Problem requirements
In the data below, find the line with "UpPoom go make" and the line with "Giường trong phòng chung tại Mikaso Hotel", then restate both and every line between them exactly, minus the pictures.

Records for this exercise
.....
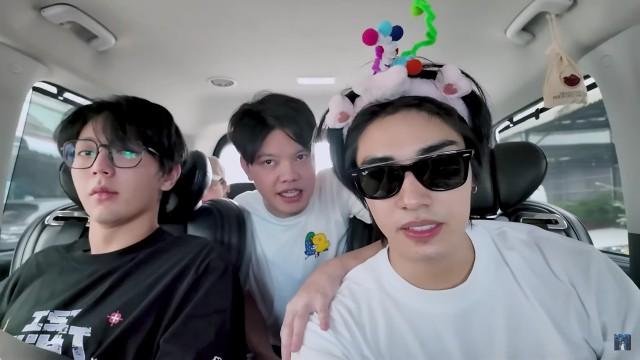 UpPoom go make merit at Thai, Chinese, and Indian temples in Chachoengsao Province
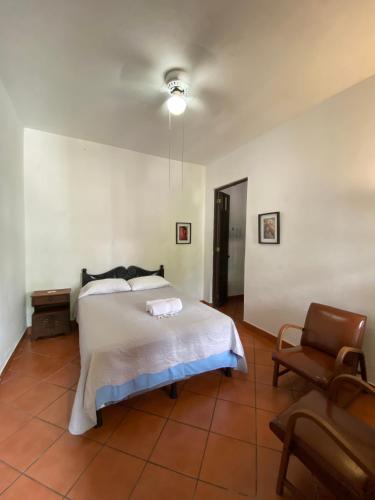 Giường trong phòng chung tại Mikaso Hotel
.....
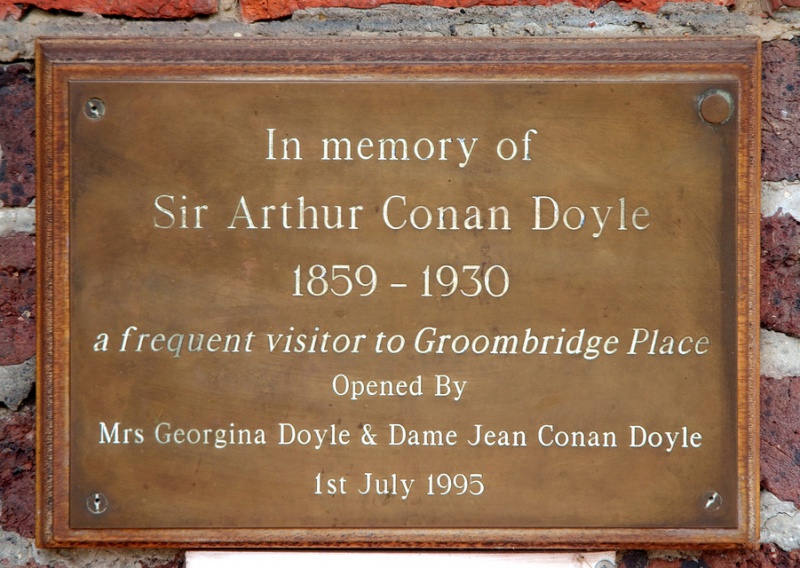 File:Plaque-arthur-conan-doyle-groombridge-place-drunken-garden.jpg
.....
Solved problem
 UpPoom go make merit at Thai, Chinese, and Indian temples in Chachoengsao Province
 Giường trong phòng chung tại Mikaso Hotel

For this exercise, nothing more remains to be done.